Answer
\[{{250}_{\text{six}}}\].
Work Step by Step
To multiply numerals of same bases other than base ten,multiply unit digits first according to base 10 then convert them to their respective base. Then continue the same process for other digits.Solve the provided numerals as follows:
\[\begin{align}
& {{4}_{\text{six}}}\,\times {{3}_{\text{six}}}\,={{12}_{\text{ten}}} \\
& \,={{\left( 2\times 6 \right)}_{{}}}+\left( 0\times 1 \right) \\
& ={{20}_{\text{six}}}
\end{align}\]
Base ten product of \[4\times 3=12\]which is larger than base six.
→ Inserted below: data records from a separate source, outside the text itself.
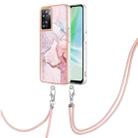 For OnePlus Nord N300 Electroplating Marble Dual-side IMD Phone Case with Lanyard(Rose Gold 005) - 1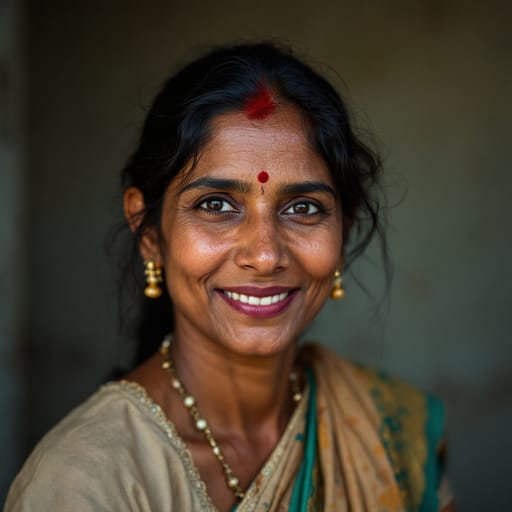 Telugu, rendered by FLUX 1.1 Pro from the shared prompt, AI-generated adult subject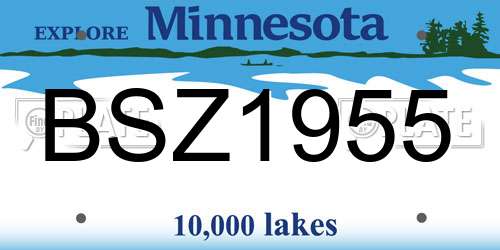BSZ1955 Minnesota License Plate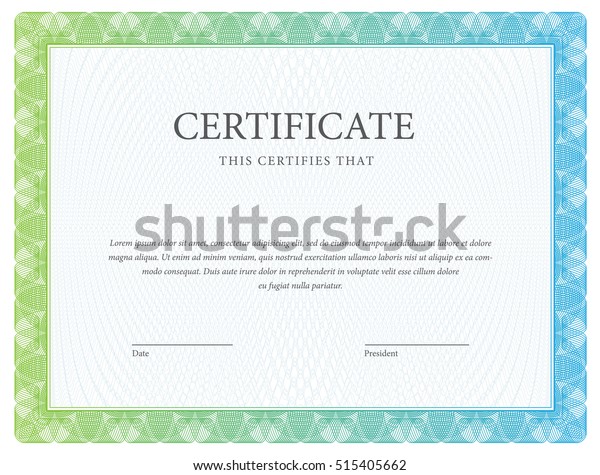 Certificate Template Diploma Currency Award Background Stock Vector ...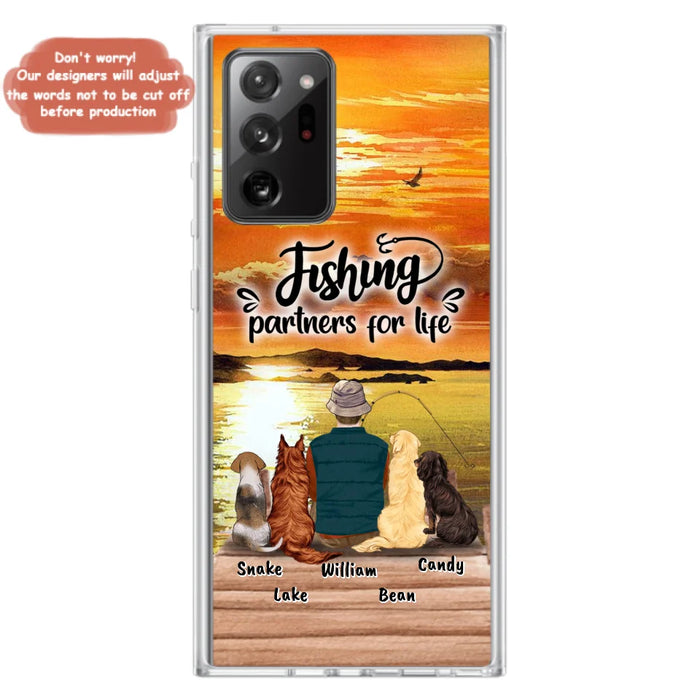 Custom Personalized Fishing Man Phone Case - Upto 4 Dogs - Phone Case For iPhone and Samsung - 4TC88X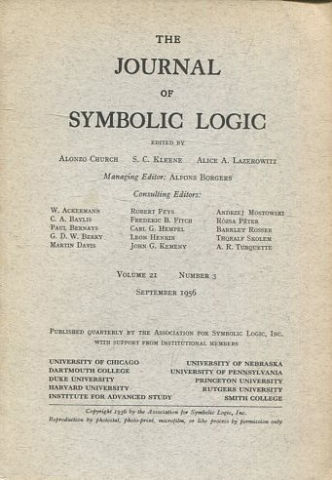 THE JOURNAL OF SYMBOLIC LOGIC. VOLUME 21. NUMBER 3. SEPTEMBER 1956.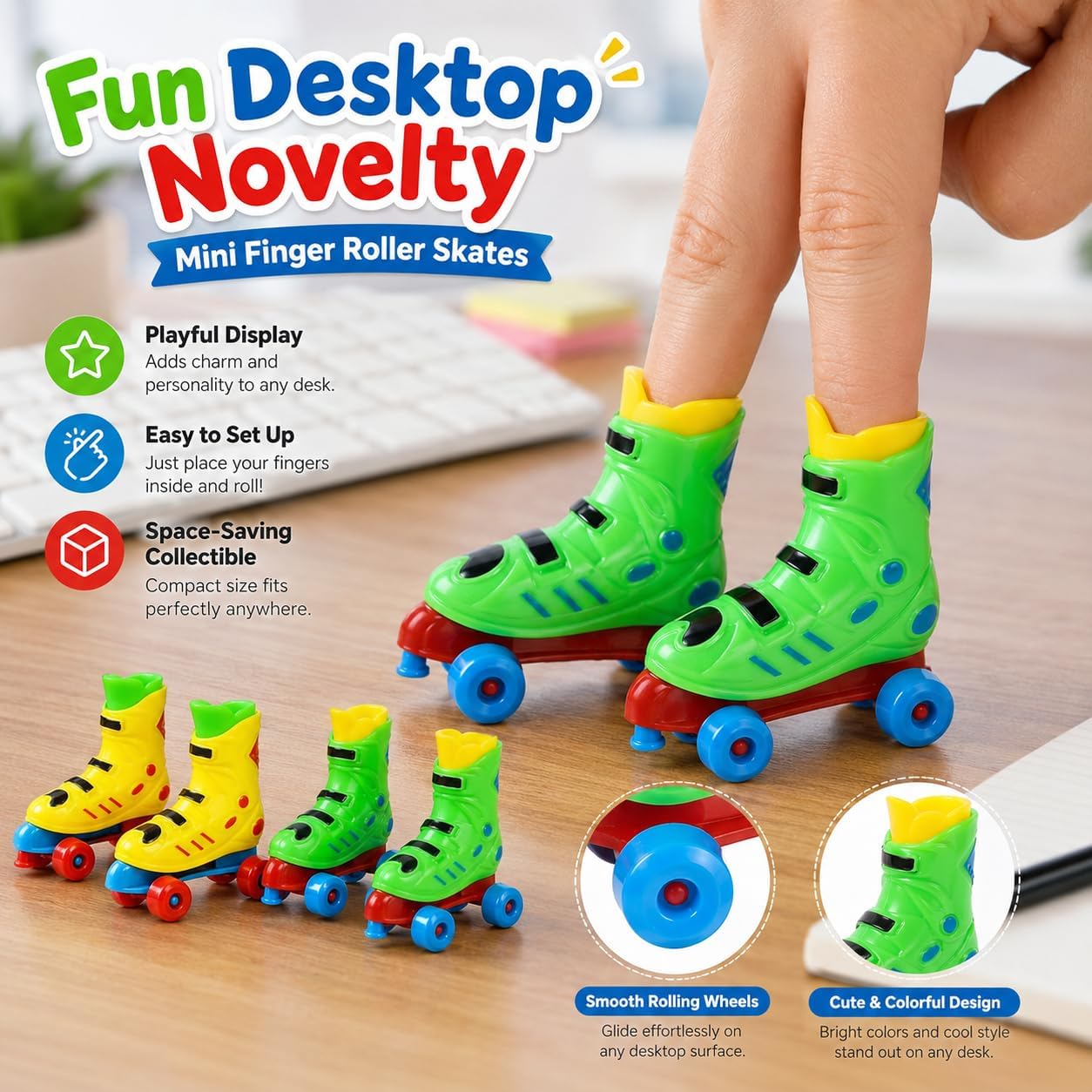 2Pcs Mini Finger Roller Skates, Random Colors, Novelty Party Favors, Great as Party Favors, Desk Decorations image 4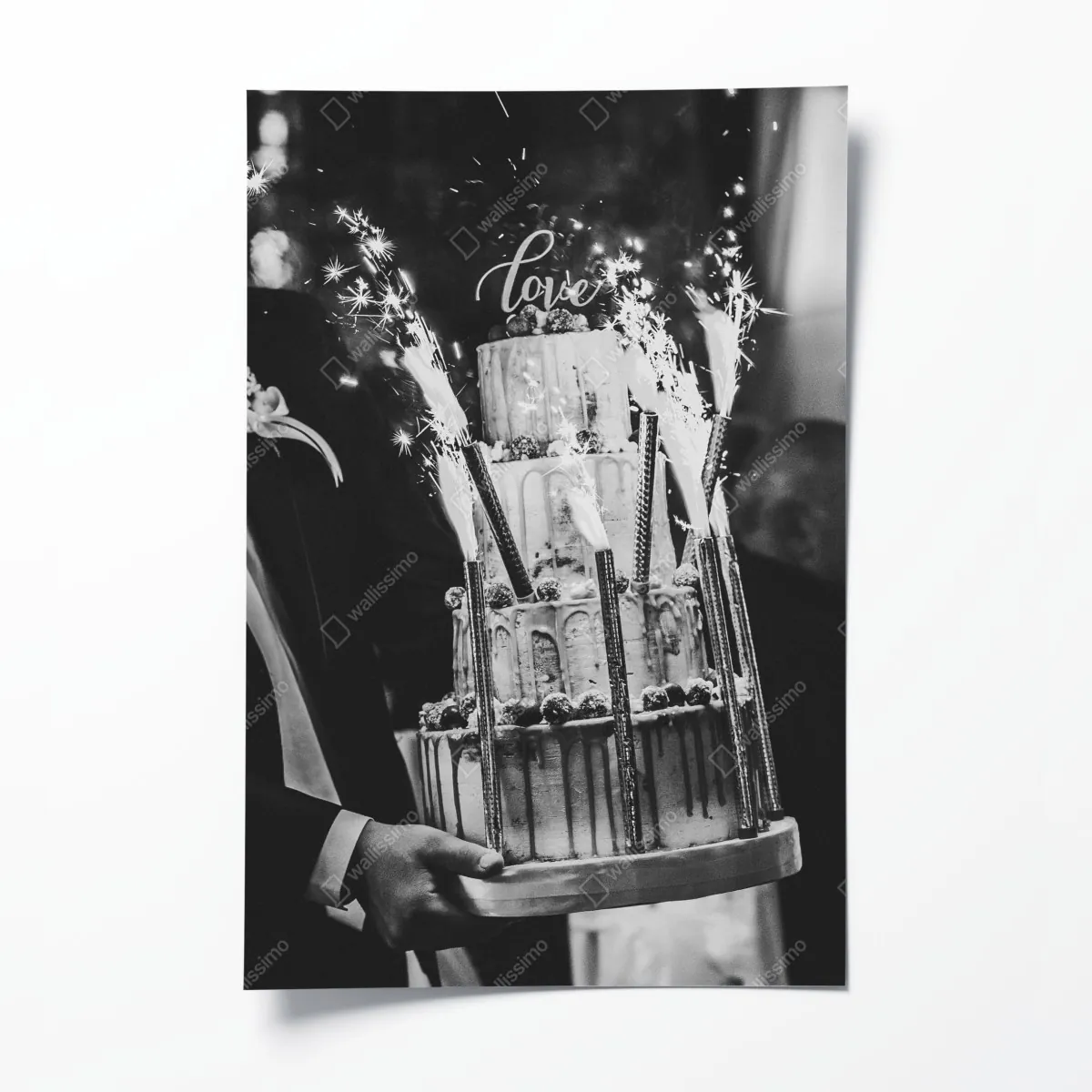 Plakat rustykalny tort ślubny ze zimnymi ogniami – Wallissimo® Plakat rustykalny tort ślubny ze zimnymi ogniami – Wallissimo®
So, can be written as \[2\] times six and \[0\]times one.
\[\begin{align}
& \underline{\begin{align}
& \overset{2}{\mathop{5}}\,{{4}_{\text{six}}} \\
& \times {{3}_{\text{six}}}
\end{align}} \\
& \text{ }0 \\
\end{align}\]
Now,
\[\begin{align}
& {{5}_{\text{six}}}\,\times {{3}_{\text{six}}}\,+{{2}_{\text{six}}}\,={{17}_{\text{ten}}} \\
& \,={{\left( 2\times 6 \right)}_{{}}}+\left( 5\times 1 \right) \\
& ={{25}_{\text{six}}}
\end{align}\]
Base ten product of \[5\times 3+2=17\]which is larger than base six.So, can be written as \[2\] times six and \[5\] times one.
\[\begin{align}
& \underline{\begin{align}
& \overset{2}{\mathop{5}}\,{{4}_{\text{six}}} \\
& \times {{3}_{\text{six}}}
\end{align}} \\
& 25{{0}_{\text{six}}}
\end{align}\]
Hence, the result is\[{{250}_{\text{six}}}\].